Crawled caption data
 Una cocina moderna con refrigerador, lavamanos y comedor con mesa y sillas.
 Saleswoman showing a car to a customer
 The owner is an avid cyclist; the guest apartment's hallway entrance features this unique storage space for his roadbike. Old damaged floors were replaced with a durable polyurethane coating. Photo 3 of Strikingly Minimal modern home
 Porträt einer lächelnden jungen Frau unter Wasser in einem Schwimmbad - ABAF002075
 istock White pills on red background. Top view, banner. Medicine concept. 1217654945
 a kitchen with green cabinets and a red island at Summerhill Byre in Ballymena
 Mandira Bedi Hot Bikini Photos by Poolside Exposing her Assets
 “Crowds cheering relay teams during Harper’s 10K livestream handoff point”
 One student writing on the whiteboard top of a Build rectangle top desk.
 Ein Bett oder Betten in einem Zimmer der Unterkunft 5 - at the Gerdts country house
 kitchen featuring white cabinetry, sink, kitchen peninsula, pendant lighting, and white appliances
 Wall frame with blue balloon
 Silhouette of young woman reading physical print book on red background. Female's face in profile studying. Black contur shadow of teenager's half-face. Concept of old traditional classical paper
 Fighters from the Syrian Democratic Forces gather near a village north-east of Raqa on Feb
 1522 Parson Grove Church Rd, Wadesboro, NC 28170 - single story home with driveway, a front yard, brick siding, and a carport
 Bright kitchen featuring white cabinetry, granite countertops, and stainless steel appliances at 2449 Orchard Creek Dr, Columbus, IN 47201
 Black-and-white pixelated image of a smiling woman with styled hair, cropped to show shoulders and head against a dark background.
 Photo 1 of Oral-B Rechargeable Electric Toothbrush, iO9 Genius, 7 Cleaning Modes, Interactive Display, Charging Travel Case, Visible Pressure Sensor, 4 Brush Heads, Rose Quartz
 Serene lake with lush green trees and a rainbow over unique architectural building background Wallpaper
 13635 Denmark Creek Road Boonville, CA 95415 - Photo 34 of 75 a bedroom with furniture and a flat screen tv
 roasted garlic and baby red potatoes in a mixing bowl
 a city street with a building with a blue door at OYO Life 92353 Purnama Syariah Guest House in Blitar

What you are asked to do: Once the line with "Saleswoman showing a car to a customer" is found in the records above, print exactly that line and every line after it through the line with "Serene lake with".

Answer space:
 Saleswoman showing a car to a customer
 The owner is an avid cyclist; the guest apartment's hallway entrance features this unique storage space for his roadbike. Old damaged floors were replaced with a durable polyurethane coating. Photo 3 of Strikingly Minimal modern home
 Porträt einer lächelnden jungen Frau unter Wasser in einem Schwimmbad - ABAF002075
 istock White pills on red background. Top view, banner. Medicine concept. 1217654945
 a kitchen with green cabinets and a red island at Summerhill Byre in Ballymena
 Mandira Bedi Hot Bikini Photos by Poolside Exposing her Assets
 “Crowds cheering relay teams during Harper’s 10K livestream handoff point”
 One student writing on the whiteboard top of a Build rectangle top desk.
 Ein Bett oder Betten in einem Zimmer der Unterkunft 5 - at the Gerdts country house
 kitchen featuring white cabinetry, sink, kitchen peninsula, pendant lighting, and white appliances
 Wall frame with blue balloon
 Silhouette of young woman reading physical print book on red background. Female's face in profile studying. Black contur shadow of teenager's half-face. Concept of old traditional classical paper
 Fighters from the Syrian Democratic Forces gather near a village north-east of Raqa on Feb
 1522 Parson Grove Church Rd, Wadesboro, NC 28170 - single story home with driveway, a front yard, brick siding, and a carport
 Bright kitchen featuring white cabinetry, granite countertops, and stainless steel appliances at 2449 Orchard Creek Dr, Columbus, IN 47201
 Black-and-white pixelated image of a smiling woman with styled hair, cropped to show shoulders and head against a dark background.
 Photo 1 of Oral-B Rechargeable Electric Toothbrush, iO9 Genius, 7 Cleaning Modes, Interactive Display, Charging Travel Case, Visible Pressure Sensor, 4 Brush Heads, Rose Quartz
 Serene lake with lush green trees and a rainbow over unique architectural building background Wallpaper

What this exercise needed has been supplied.